Seduta ben intonata per i principali listini asiatici, mentre Wall Street è rimasta chiusa per la festività del Labor Day.
Gli investitori restano intenti a valutare i segnali emersi dal job report statunitense diffuso venerdì scorso, che hanno alimentato i timori sul ritmo del recupero dell’economia. Situazione che potrebbe ritardare l’avvio del tapering da parte della Fed.
In Cina i guadagni sono trainati dai titoli industriali, dopo che le esportazioni del Paese sono cresciute inaspettatamente ad un ritmo più veloce nel mese di agosto.
Sul fronte macro, ad agosto il saldo della bilancia commerciale cinese è ammontato a 58,34 miliardi di dollari (53,20 miliardi il consensus e 56,59 miliardi il dato precedente). Le esportazioni sono cresciute del 25,6% su base annua (+17,3% le attese e +19,3% la rilevazione precedente), mentre le importazioni sono aumentate del 33,1% a/a (+26,9% le stime e +28,1% il dato precedente).
Le indiscrezioni secondo cui il governo cinese potrebbe aumentare la spesa fiscale e la crescita del credito a seguito della frenata della ripresa economica evidenziata dagli ultimi dati macro supportano inoltre il sentiment del mercato.
Il vice premier cinese Liu He, secondo quanto riporta la stampa, ha spiegato che le politiche a sostegno del settore privato non cambieranno.
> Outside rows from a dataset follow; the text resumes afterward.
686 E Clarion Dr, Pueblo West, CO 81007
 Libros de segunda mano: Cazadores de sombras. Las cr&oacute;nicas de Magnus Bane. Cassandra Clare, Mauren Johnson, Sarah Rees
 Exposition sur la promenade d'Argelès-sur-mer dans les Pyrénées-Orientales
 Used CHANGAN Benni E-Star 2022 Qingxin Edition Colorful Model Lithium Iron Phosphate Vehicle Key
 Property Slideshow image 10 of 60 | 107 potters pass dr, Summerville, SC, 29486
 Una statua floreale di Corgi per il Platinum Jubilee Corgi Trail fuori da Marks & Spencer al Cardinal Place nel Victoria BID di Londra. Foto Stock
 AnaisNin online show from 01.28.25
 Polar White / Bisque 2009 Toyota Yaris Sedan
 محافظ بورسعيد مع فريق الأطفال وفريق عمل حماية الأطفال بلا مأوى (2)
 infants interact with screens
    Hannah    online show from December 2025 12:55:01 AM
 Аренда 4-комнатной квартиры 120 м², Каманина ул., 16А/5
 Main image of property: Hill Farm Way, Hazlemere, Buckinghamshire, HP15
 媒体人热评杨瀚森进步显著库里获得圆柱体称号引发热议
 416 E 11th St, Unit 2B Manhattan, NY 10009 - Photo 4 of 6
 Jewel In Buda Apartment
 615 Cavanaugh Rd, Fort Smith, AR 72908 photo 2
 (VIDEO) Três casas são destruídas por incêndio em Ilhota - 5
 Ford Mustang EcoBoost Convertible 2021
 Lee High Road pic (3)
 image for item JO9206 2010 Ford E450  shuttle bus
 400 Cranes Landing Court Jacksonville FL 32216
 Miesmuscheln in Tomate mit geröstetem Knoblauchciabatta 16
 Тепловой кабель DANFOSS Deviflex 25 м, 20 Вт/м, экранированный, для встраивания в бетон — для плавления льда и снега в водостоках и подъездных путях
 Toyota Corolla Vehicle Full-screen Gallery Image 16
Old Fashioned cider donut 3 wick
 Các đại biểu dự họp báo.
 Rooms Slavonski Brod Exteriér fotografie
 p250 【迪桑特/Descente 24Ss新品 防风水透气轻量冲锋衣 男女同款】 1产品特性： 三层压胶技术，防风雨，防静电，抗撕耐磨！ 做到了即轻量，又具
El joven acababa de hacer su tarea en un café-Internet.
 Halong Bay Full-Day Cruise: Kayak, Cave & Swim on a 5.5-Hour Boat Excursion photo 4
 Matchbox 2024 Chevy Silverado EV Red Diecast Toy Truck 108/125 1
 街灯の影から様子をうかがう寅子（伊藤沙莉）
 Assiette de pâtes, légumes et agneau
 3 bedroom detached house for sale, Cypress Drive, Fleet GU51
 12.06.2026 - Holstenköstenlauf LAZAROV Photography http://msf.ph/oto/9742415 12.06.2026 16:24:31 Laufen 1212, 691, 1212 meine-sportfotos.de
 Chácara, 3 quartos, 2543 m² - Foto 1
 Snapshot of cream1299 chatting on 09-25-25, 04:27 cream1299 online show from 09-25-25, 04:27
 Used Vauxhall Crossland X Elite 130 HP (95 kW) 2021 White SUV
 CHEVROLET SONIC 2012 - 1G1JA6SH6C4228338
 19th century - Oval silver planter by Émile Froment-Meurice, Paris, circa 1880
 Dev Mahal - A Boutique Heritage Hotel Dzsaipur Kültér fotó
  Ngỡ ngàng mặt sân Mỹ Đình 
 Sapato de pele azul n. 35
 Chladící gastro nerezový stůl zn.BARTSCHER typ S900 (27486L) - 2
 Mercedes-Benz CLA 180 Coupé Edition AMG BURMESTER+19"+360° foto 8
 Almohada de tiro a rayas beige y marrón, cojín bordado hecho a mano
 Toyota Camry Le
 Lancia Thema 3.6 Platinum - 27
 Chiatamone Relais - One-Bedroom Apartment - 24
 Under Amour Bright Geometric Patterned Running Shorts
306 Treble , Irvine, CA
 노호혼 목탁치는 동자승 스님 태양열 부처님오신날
Inoltre, la banca centrale cinese ha fatto sapere che proseguirà con una politica macroeconomica prudente, aprendo ulteriormente i mercati finanziari cinesi agli investitori esteri, aggiungendo però che perseguirà una pragmatica cooperazione transfrontaliera per regolare le società cinesi quotate all’estero.
In Giappone il Nikkei ha toccato un massimo di cinque mesi (toccando i 30 mila punti per la prima volta dallo scorso aprile) sulle aspettative che il nuovo primo ministro potrebbe stimolare una ripresa con migliori misure per affrontare la crisi del coronavirus e il suo impatto economico.
In Giappone, infatti, il l’attenzione resta sul quadro politico dopo le dimissioni del premier Yoshihide Suga, che ha deciso di non ricandidarsi a capo del Partito liberaldemocratico il prossimo 29 settembre. Il posto di Suga potrebbe essere preso dall’attuale ministro della Riforma amministrativa, Taro Kono, o da Fumio Kishida, ex ministro degli Esteri.
Proprio Kishida avrebbe chiesto un pacchetto di stimolo di più di 30 trilioni di yen (273 miliardi di dollari) per attutire il colpo economico della pandemia, secondo fonti di stampa.
Dal lato macro, a luglio i consumi delle famiglie sono calati dello 0,9% su base mensile (+1,1% le attese e -3,2% la rilevazione precedente), mentre sono cresciute dello 0,7% su base annua (+2,9% le stime e -5,1% la rilevazione precedente).
Sul Forex, il cambio euro/dollaro si attesta a 1,1870 e il dollaro/yen a 109,86. Tra le materie prime, petrolio frazionale rialzo in con il Brent (+0,7%) a 72,73 dollari al barile e il Wti (+0,1%) a 69,34 dollari al barile. Oro a 1.819,45 dollari l’oncia (-0,8%).
Tornando ai listini asiatici, in Cina Shanghai e Shenzhen guadagnano rispettivamente l’1,1% e lo 0,8%. Hong Kong a +0,8%.
In Giappone, Nikkei e Topix in rialzo rispettivamente dello 0,9% e dell’1,1 per cento.